::: SOURCE DATA

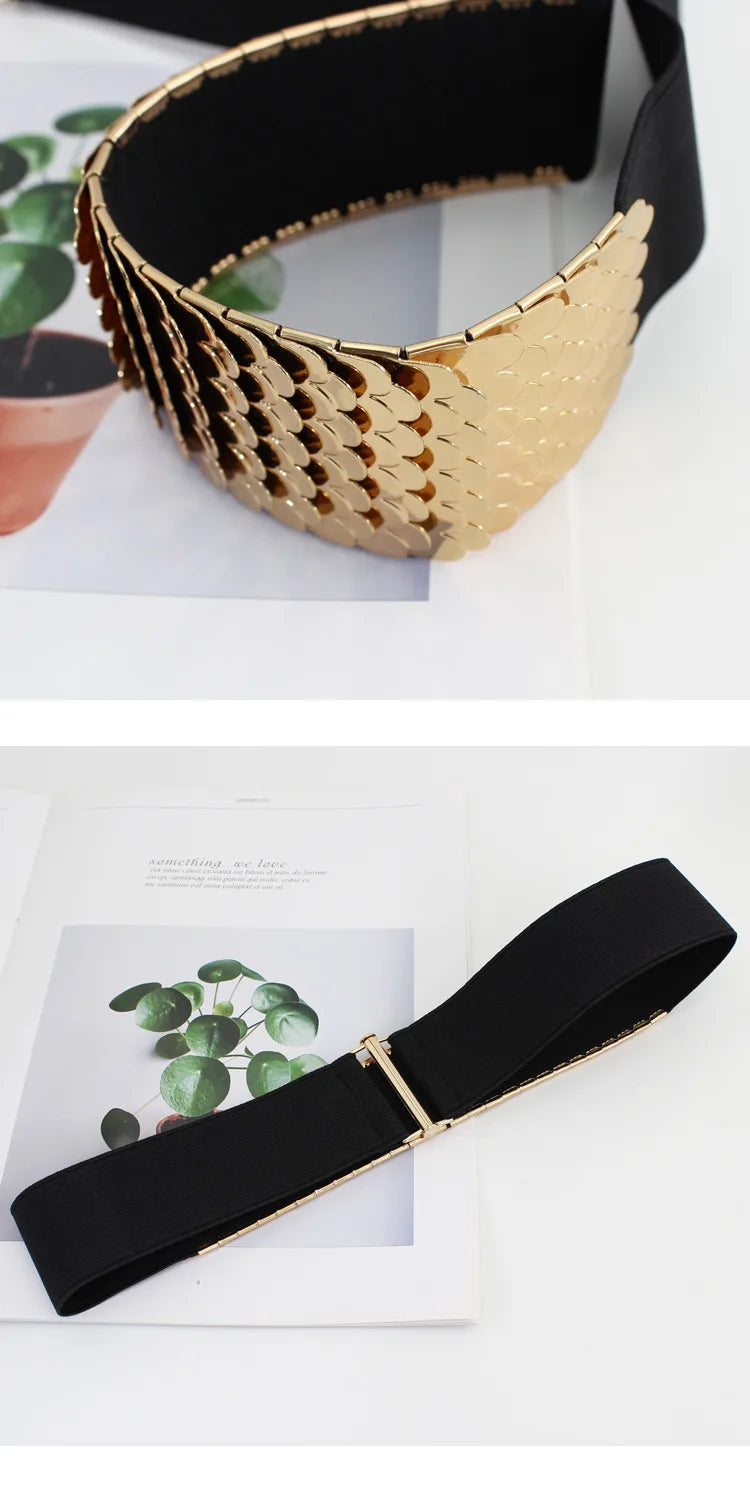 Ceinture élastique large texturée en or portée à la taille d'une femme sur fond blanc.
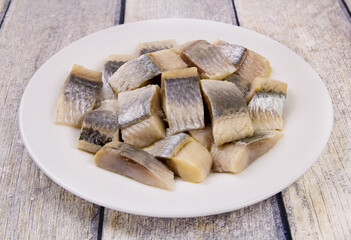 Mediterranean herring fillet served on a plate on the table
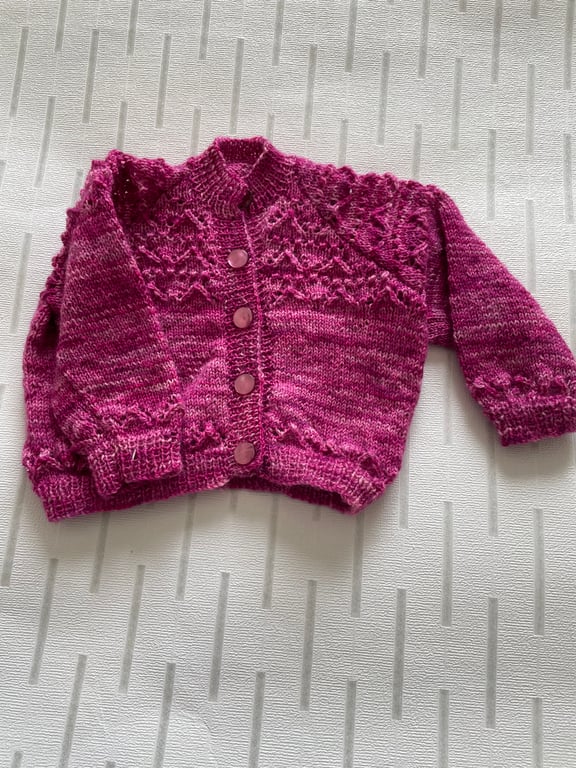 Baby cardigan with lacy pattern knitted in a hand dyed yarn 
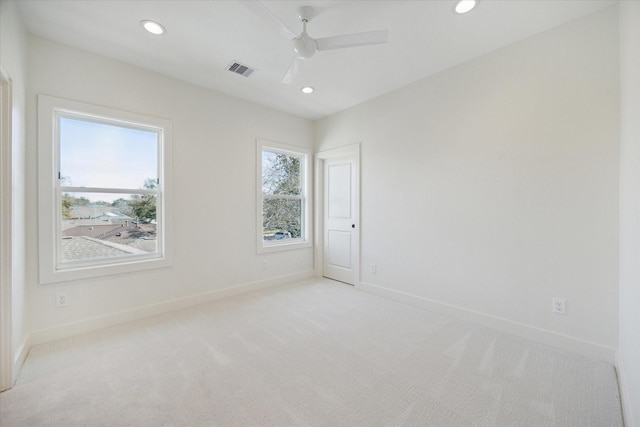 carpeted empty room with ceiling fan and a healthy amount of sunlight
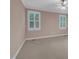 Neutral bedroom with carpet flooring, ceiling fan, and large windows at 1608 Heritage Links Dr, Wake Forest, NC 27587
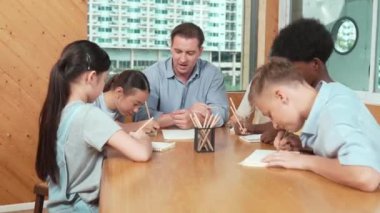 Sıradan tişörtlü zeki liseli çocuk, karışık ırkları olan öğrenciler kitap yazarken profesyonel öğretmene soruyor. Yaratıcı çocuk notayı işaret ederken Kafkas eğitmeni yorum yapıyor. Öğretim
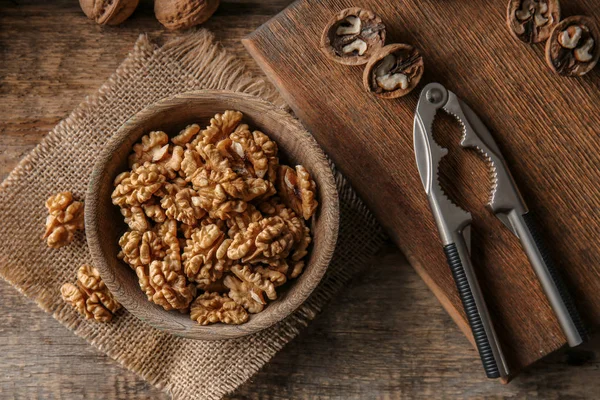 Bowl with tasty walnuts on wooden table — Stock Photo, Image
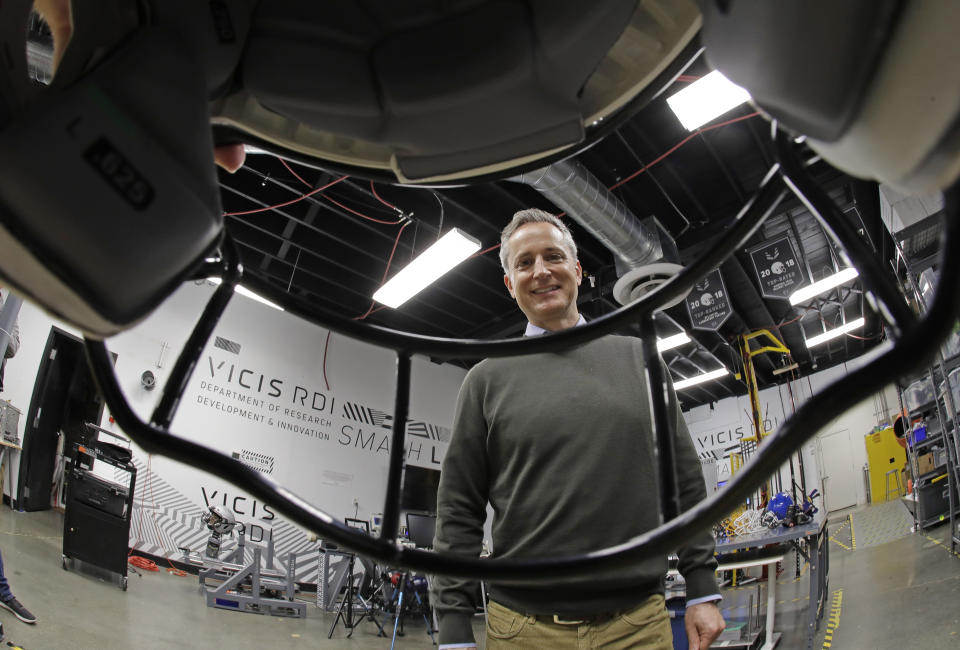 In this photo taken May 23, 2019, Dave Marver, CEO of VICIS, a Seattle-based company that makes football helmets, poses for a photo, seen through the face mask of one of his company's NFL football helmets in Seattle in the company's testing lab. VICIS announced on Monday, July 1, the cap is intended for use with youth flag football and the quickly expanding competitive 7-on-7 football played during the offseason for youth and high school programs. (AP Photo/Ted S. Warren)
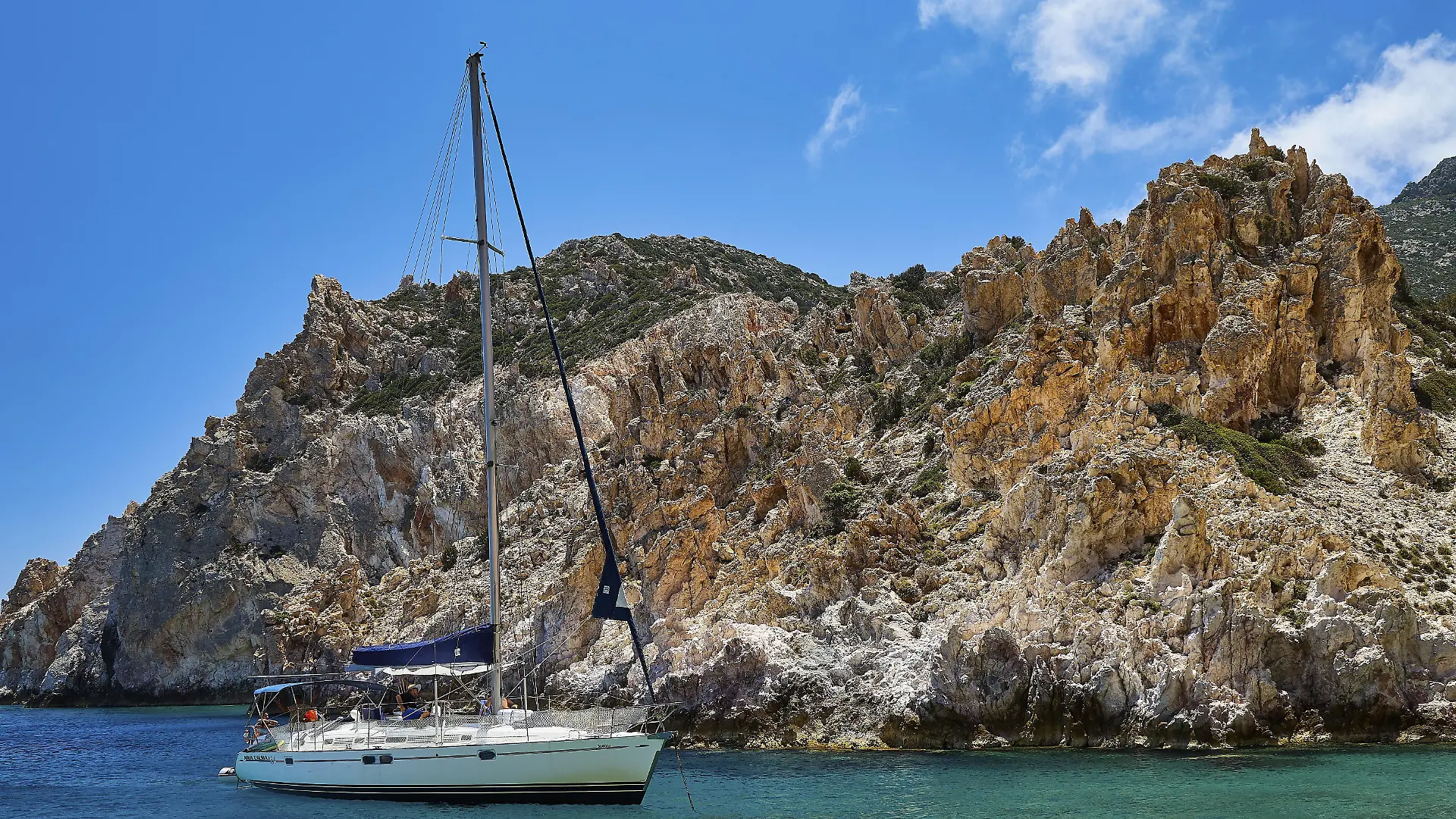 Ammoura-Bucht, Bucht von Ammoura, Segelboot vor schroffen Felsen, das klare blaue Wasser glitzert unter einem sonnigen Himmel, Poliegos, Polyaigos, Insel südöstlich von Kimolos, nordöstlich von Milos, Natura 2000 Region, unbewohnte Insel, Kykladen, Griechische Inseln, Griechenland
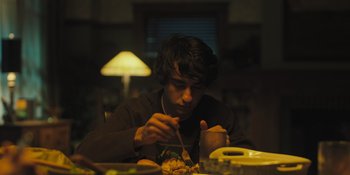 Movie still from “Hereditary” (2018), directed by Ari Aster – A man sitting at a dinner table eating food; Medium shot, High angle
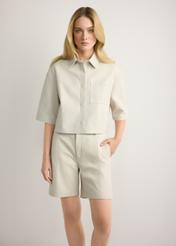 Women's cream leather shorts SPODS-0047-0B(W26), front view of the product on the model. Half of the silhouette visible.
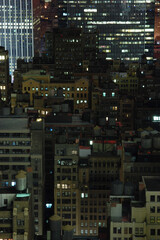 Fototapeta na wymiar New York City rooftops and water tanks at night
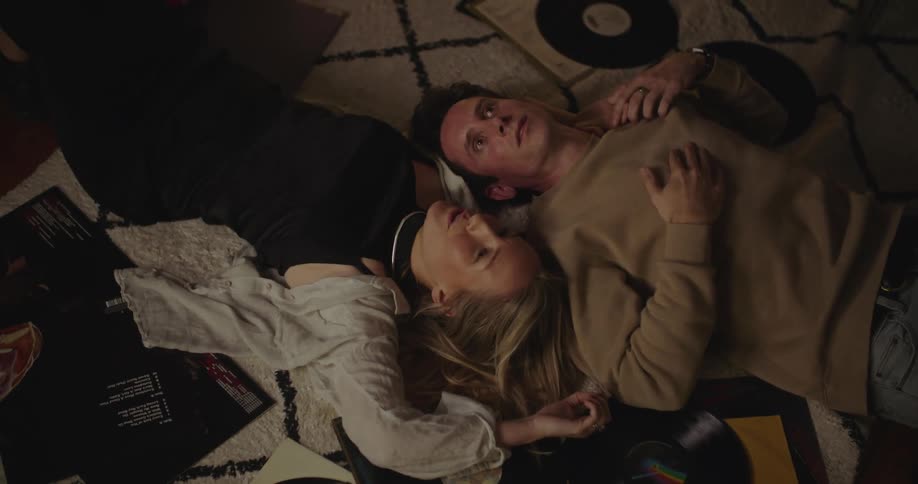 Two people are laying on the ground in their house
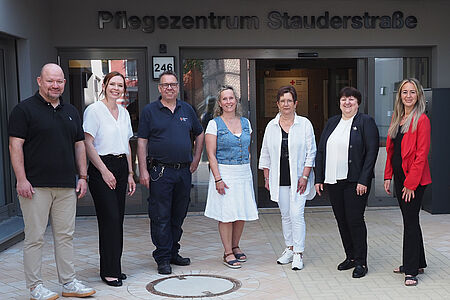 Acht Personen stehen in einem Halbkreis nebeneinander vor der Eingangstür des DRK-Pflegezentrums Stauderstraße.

::::::

◆ **EXERCISE BRIEF**
Set down all of the material word for word, but keep each picture out.

◆ **RESPONSE AREA**
 Ceinture élastique large texturée en or portée à la taille d'une femme sur fond blanc.
 Mediterranean herring fillet served on a plate on the table
 Baby cardigan with lacy pattern knitted in a hand dyed yarn 
 carpeted empty room with ceiling fan and a healthy amount of sunlight
 Neutral bedroom with carpet flooring, ceiling fan, and large windows at 1608 Heritage Links Dr, Wake Forest, NC 27587
 Sıradan tişörtlü zeki liseli çocuk, karışık ırkları olan öğrenciler kitap yazarken profesyonel öğretmene soruyor. Yaratıcı çocuk notayı işaret ederken Kafkas eğitmeni yorum yapıyor. Öğretim
 Bowl with tasty walnuts on wooden table — Stock Photo, Image
 In this photo taken May 23, 2019, Dave Marver, CEO of VICIS, a Seattle-based company that makes football helmets, poses for a photo, seen through the face mask of one of his company's NFL football helmets in Seattle in the company's testing lab. VICIS announced on Monday, July 1, the cap is intended for use with youth flag football and the quickly expanding competitive 7-on-7 football played during the offseason for youth and high school programs. (AP Photo/Ted S. Warren)
 Ammoura-Bucht, Bucht von Ammoura, Segelboot vor schroffen Felsen, das klare blaue Wasser glitzert unter einem sonnigen Himmel, Poliegos, Polyaigos, Insel südöstlich von Kimolos, nordöstlich von Milos, Natura 2000 Region, unbewohnte Insel, Kykladen, Griechische Inseln, Griechenland
 Movie still from “Hereditary” (2018), directed by Ari Aster – A man sitting at a dinner table eating food; Medium shot, High angle
 Women's cream leather shorts SPODS-0047-0B(W26), front view of the product on the model. Half of the silhouette visible.
 Fototapeta na wymiar New York City rooftops and water tanks at night
 Two people are laying on the ground in their house
 Acht Personen stehen in einem Halbkreis nebeneinander vor der Eingangstür des DRK-Pflegezentrums Stauderstraße.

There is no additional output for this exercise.